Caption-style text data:

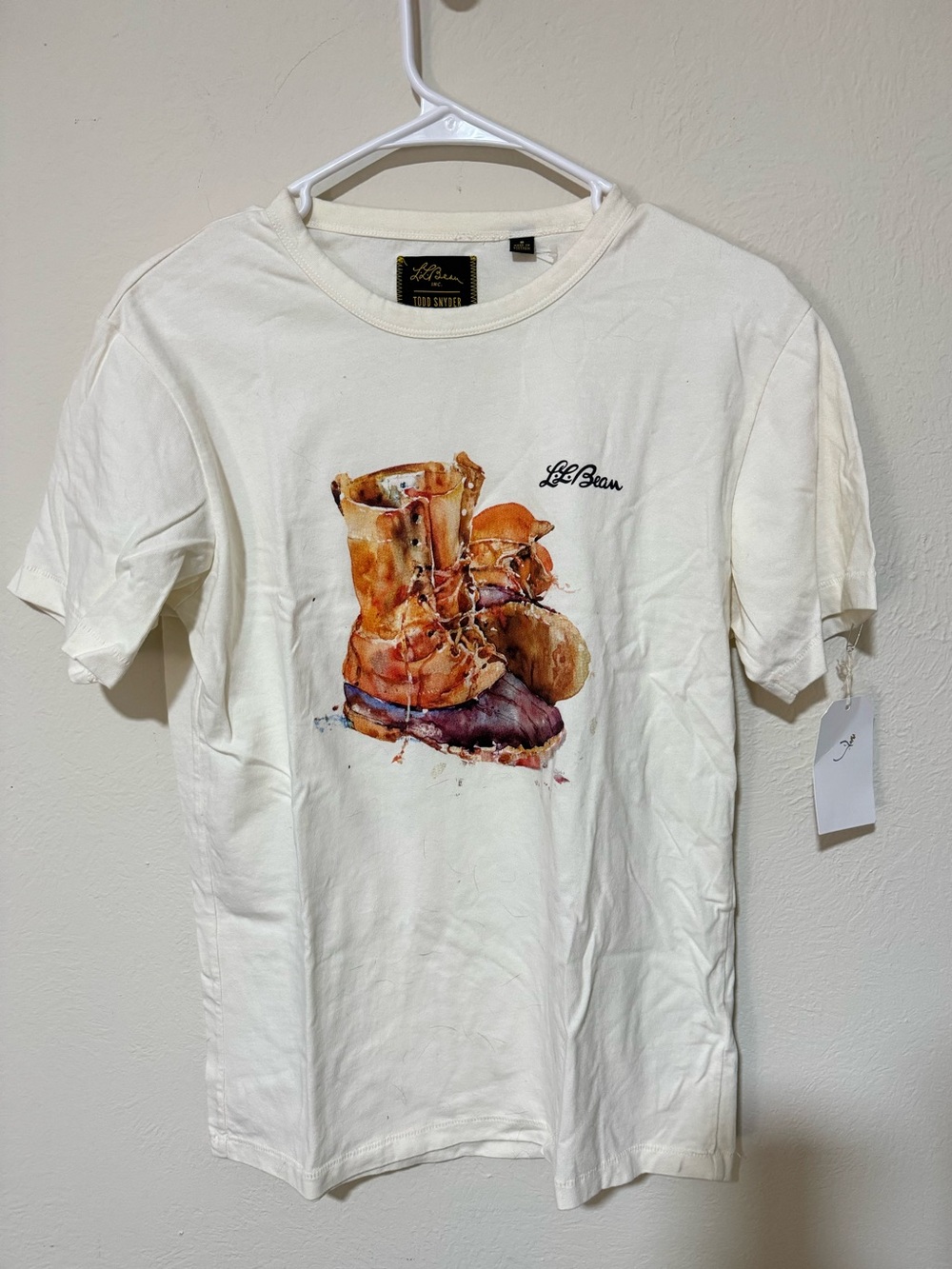 LL Bean Todd Snyder White Graphic Crewneck T-Shirt with Boot Illustration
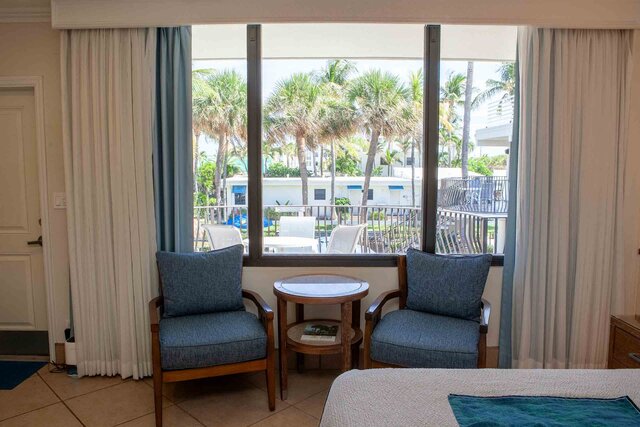 Image 2 for RM 10 2FL Efficiency Oceanview  King Bed w/ Queen Sleeper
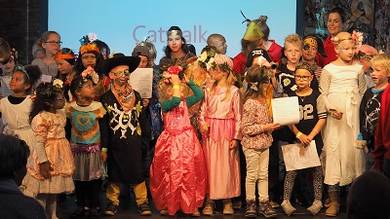 Kinderen op podium 10 oktober 2016 alopecia vereniging 30 jaar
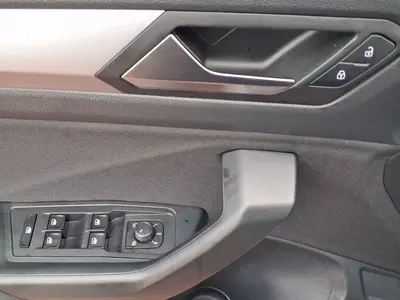Volkswagen T-Roc – Foto 8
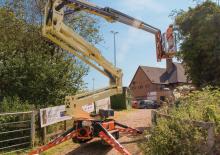 Lánctalpas töretőgémes munkaállványok JLG X600AJ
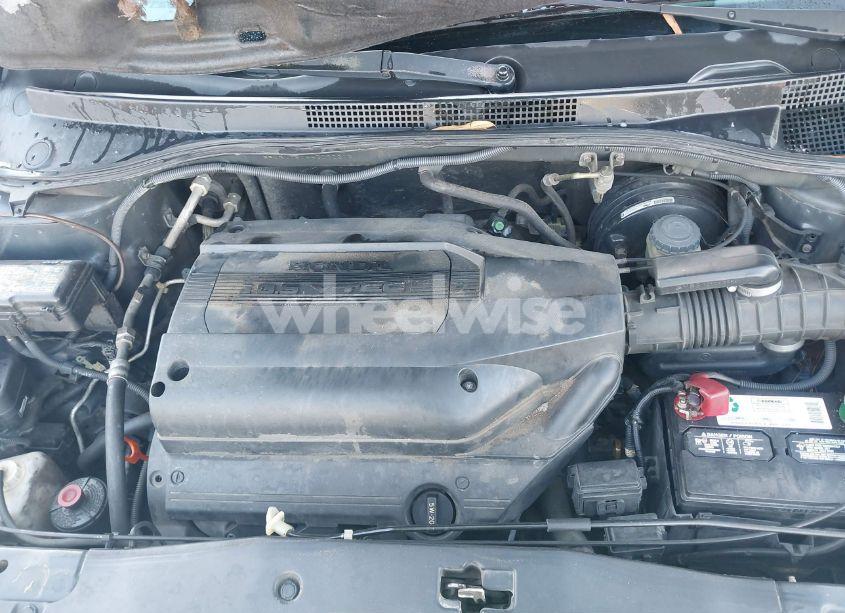 Photo 10 of 2004 Honda Odyssey EX-L (VIN 5FNRL18044B092312)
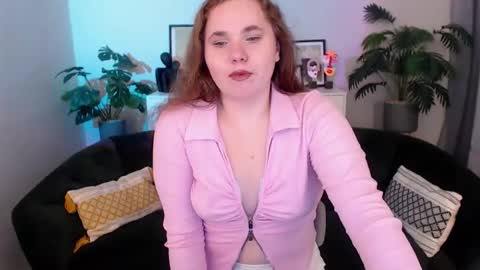 Snapshot of sireen_kiss chatting on 09.14.25 Sireen online show from 09.14.25
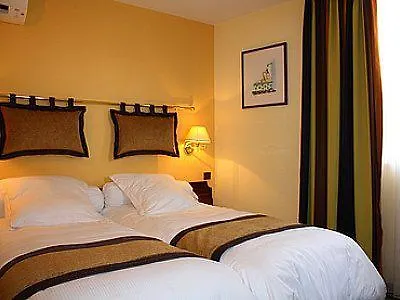 Отель Logis Restaurant A L'etoile 3*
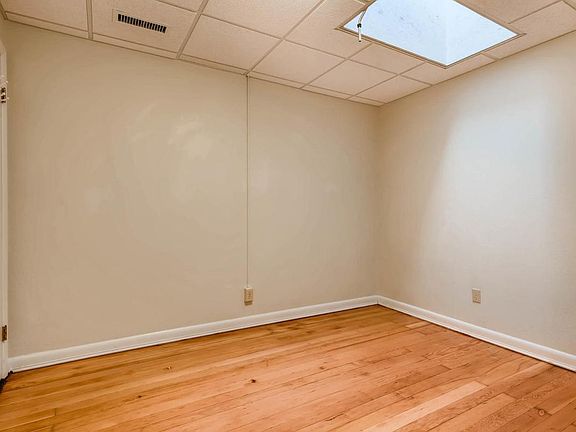 3rd image of 510 25th St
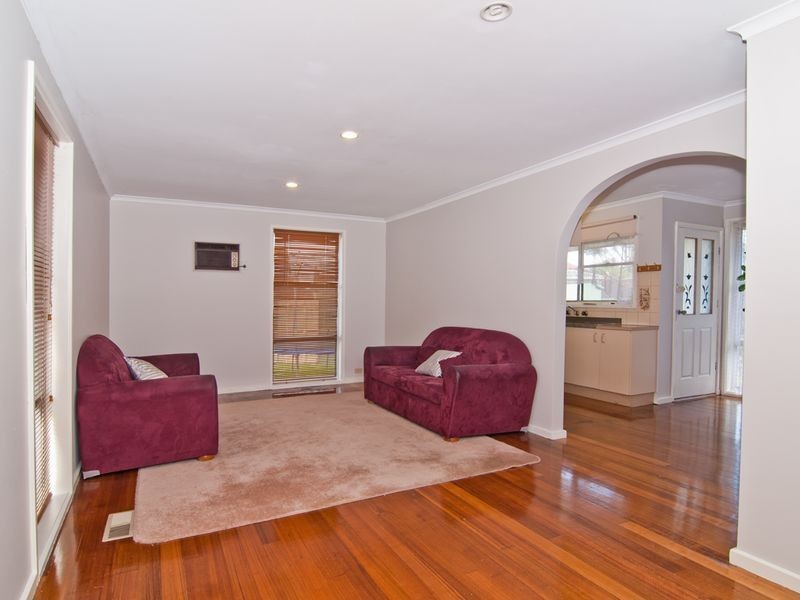 1 Clangula Court, Endeavour Hills VIC 3802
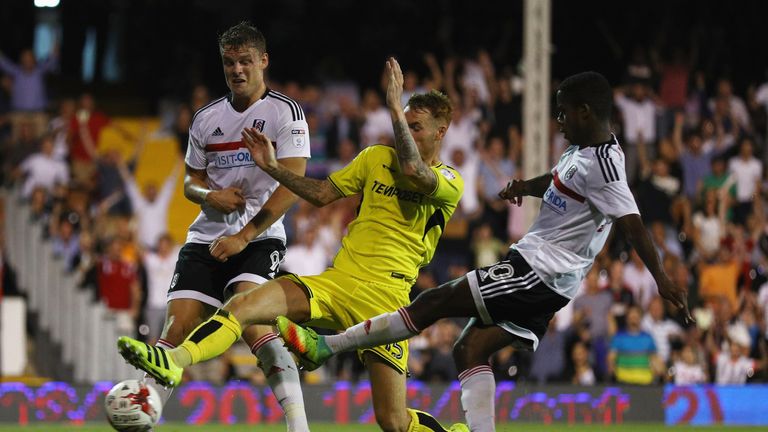 Ryan Sessegnon scores Fulham's late equaliser against Burton Albion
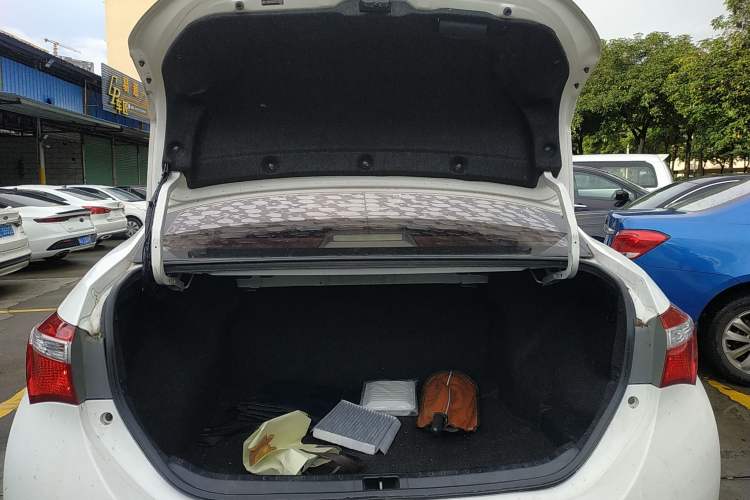 Used Toyota Corolla 2014 1.6L CVT GL Trunk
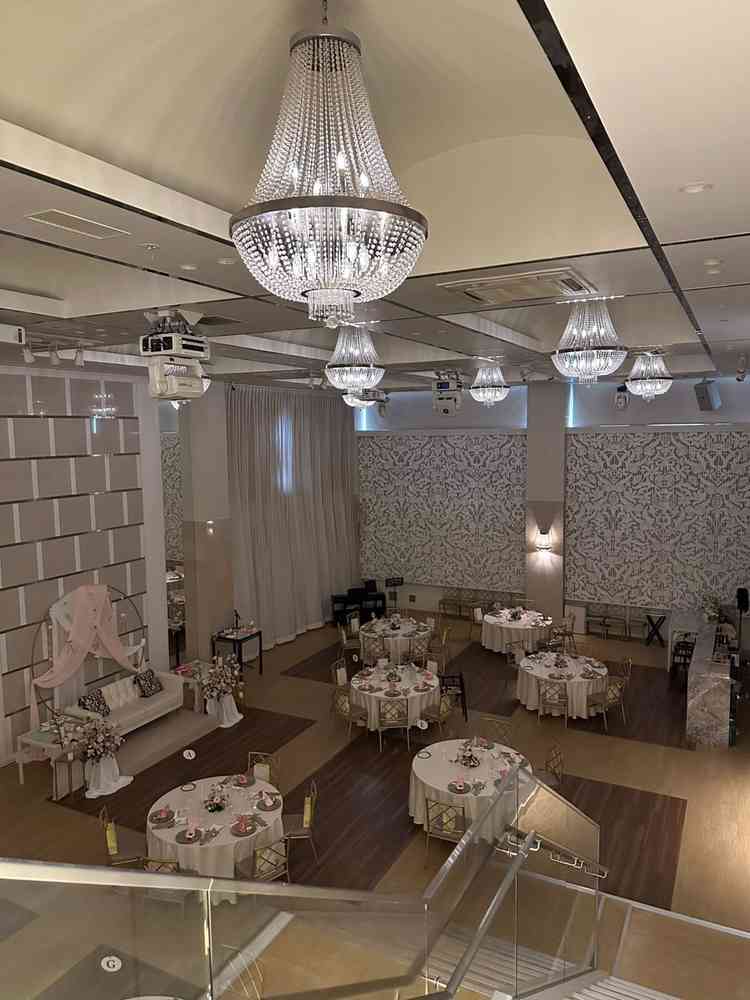 披露宴会場は適度な広さで快適に過ごせると思います。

* Task:
Beginning with the line that contains "Snapshot of sireen_kiss", output every line down to the last line of the entries above exactly as written, apart from the pictures.

* Written solution:
 Snapshot of sireen_kiss chatting on 09.14.25 Sireen online show from 09.14.25
 Отель Logis Restaurant A L'etoile 3*
 3rd image of 510 25th St
 1 Clangula Court, Endeavour Hills VIC 3802
 Ryan Sessegnon scores Fulham's late equaliser against Burton Albion
 Used Toyota Corolla 2014 1.6L CVT GL Trunk
 披露宴会場は適度な広さで快適に過ごせると思います。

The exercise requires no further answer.